Being proactive is a sought after quality
WE ALL APPRECIATE THE SKILL to look into the future, evaluate potential impediments and then spring into action in an effort to resolve/mitigate the likelihood that they will occur. This is what we look for from our leaders.
This way of being is in stark contrast to reactive managers. No one likes working on a reactive team – it’s chaotic at the very best. I think of my time as a “sustaining” engineer, on a team that released monthly bug fix patches. There wasn’t much planning, just fixing the next batch of critical issues as quickly as possible. REACTING to the deficiencies of the product produced by the “Core” team.
Where we run into issues is when the lines between proactive and reactive blur.
Sanger calls this “the illusion of taking charge”.

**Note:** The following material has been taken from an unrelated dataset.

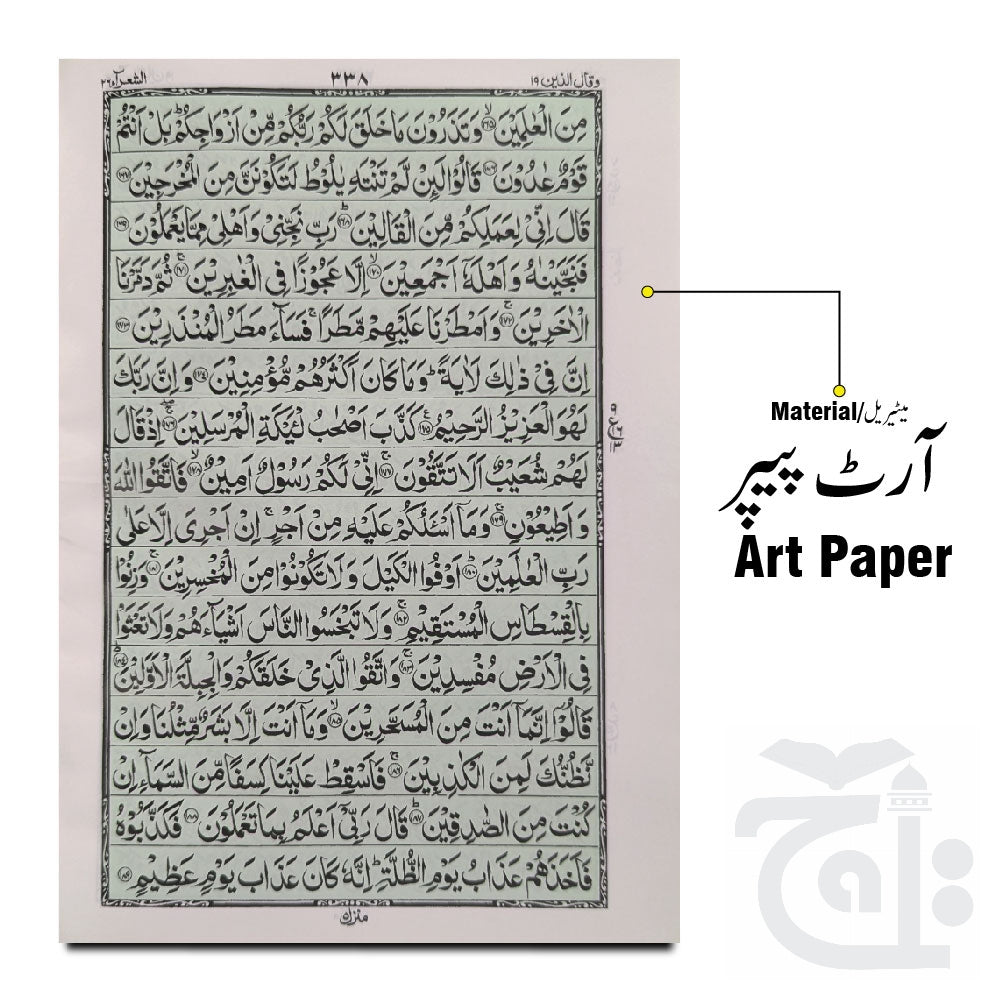 Inner Image Holy Quran(16 Line Hafzi)Purfeum 76M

What he means is false proactivity
As a child of “the Enemy is Out There” syndrome, (where external forces are identified as the cause of all organizational/departmental woe) the illusion of taking charge attempts to remedy the mal-effects ahead of time –> “proactively”. But care must be taken to consider whether these in-advance solutions are changing the company for the better (accelerating learning), or if they are merely REACTIVITY in disguise.
From the example that Sanger cites, I propose a cost benefit analysis as the determining factor. If the solution is proactive (ahead of the issue), then there is time to consider (a heads opposed to true reactivity in the heat of the moment). A back of the envelope CBA is sometimes enough to determine if the solution is beneficial to the organization.